Robert Jenson on the homiletic implications of justification
I
The Reformation doctrine of justification is not a new attempted description of a process of grace—and when it has been taken for such, sometimes also by would-be champions, the difference between the Reformation and the standard tradition has always promptly become obscure. The doctrine is rather an hermeneutical instruction to preachers, teachers, and confessors: so speak of Christ and of the life of your community that the justification for that life which your words open is the kind grasped by faith rather than the kind constituted in works. […]

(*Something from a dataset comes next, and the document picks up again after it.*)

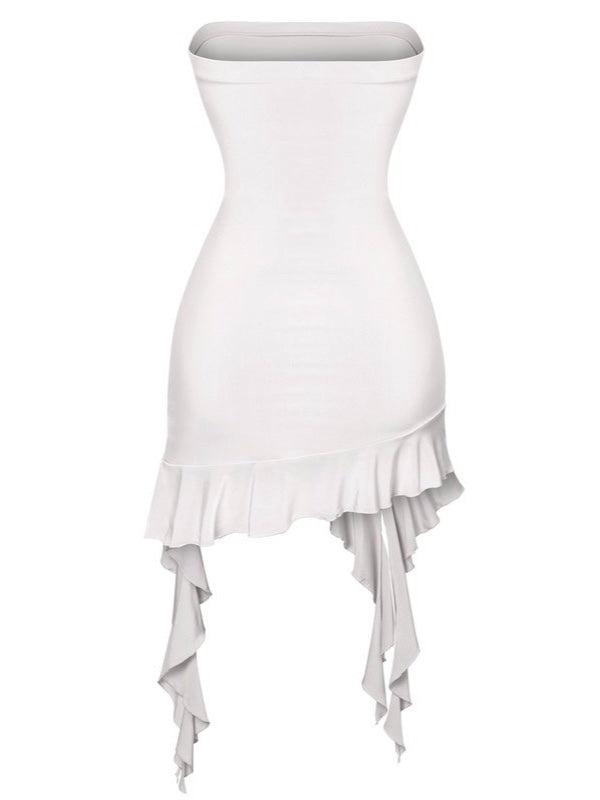 Madison ruffle dress with flower corsage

The instruction is not to induce, or manipulate, conversion by our discourse; the hearer’s conversion is to be accomplished as the act of gospel-speaking itself. Conversion is a change in the communication situation within which every person lives; a proper sermon or baptism liturgy or penance liturgy just is that change. Using penance as the simplest paradigm, when the confessor says, “You have confessed cheating and coveting. Now I forgive all your sins, in Jesus’ name,” these words do not seek to stimulate conversion as an event external to their being said. Rather, this utterance is a conversion of the penitent’s life, from a situation in which the word he or she hears and must live by is “You are a cheat and a coveter,” to one in which the word he or she hears and must live by is “You are Jesus’ beloved.” […]
When someone speaks to me the promises made by Christ’s resurrection, that event is the event of God’s choice about me. […]

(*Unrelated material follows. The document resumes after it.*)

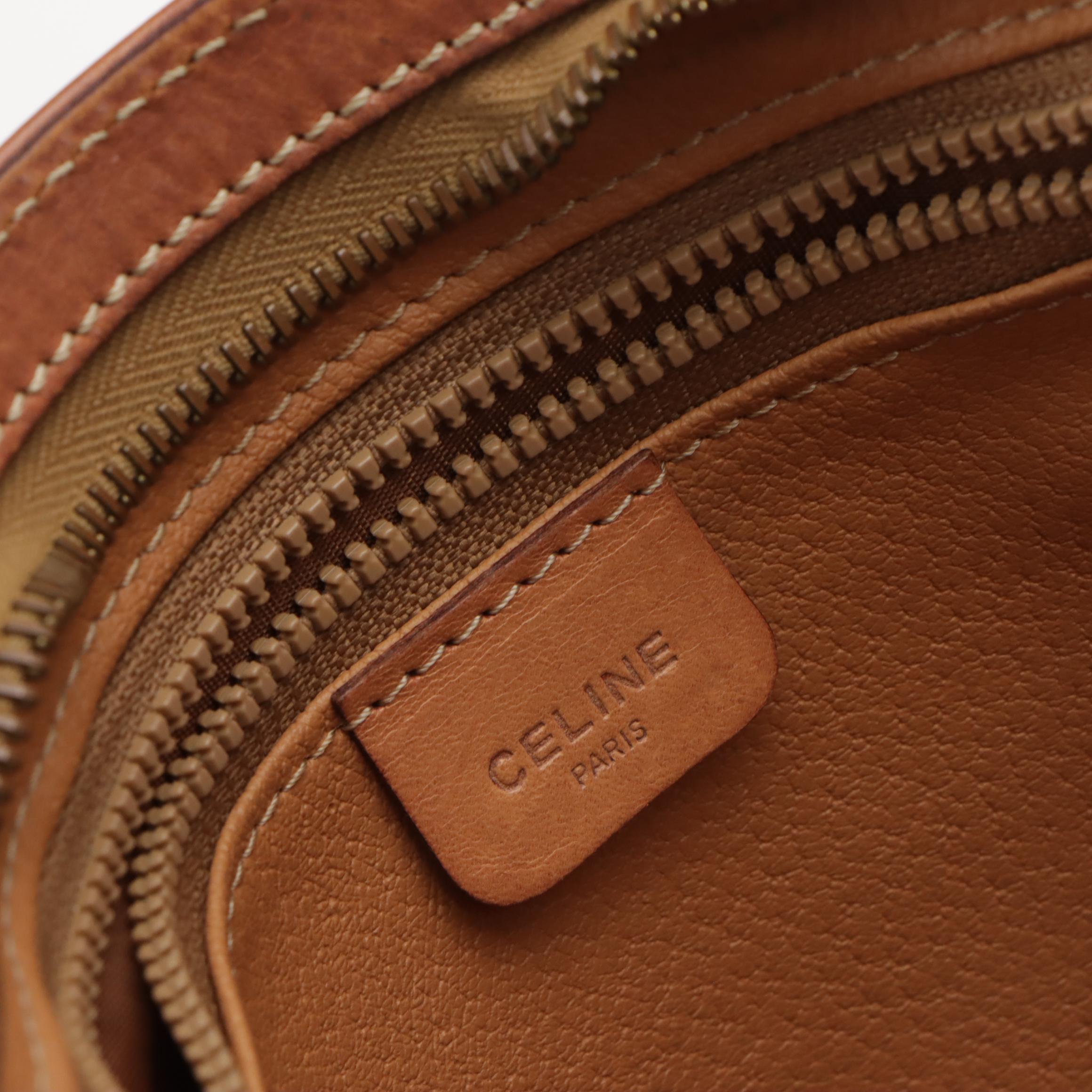 Celine Front Pocket Wristlet Clutch in Dark Brown Macadam Canvas and Leather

It is indeed the human Christ’s temporal address to us that is the event of God’s eternal choosing about us, as the Lutherans and Barth have said. But the eternity of this moment must be established not by the prefix “pre-” but the prefix “post-”: it is in that the man Christ will be the agent and center of the final community, that his will for us is the eternal determination of our lives. The Trinitarian dialectics can be the appropriate conceptual scheme of predestination only if the whole scheme—of Father, Son, and Spirit—is used and only if the Spirit’s metaphysical priority is affirmed. The speaking of the gospel is the event of predestination in that the gospel gives what it speaks about, but this eschatological efficacy of the gospel is the Spirit. We must parody Barth: the Holy Spirit is the choosing God.
From Christian Dogmatics, Vol. II., (Fortress, 1984), 130 134, 137, 138.
II
A faithful sermon … will not be a sermon about [for example] predestination; it will be a predestining sermon. One may even imagine a pastoral dialogue:
Seeker: Am I among the elect?
Pastor: Yes.
Seeker: How do you know?
Pastor: You are elect because in Jesus’ name I now promise that you are.
Seeker: But it’s plain that I am barren soil!
Pastor: When Christ comes sowing, all things are possible.
Seeker: When will that happen to me?
Pastor: I just told you. This is it.
From Canon and Creed, (WJK, 2010), 61.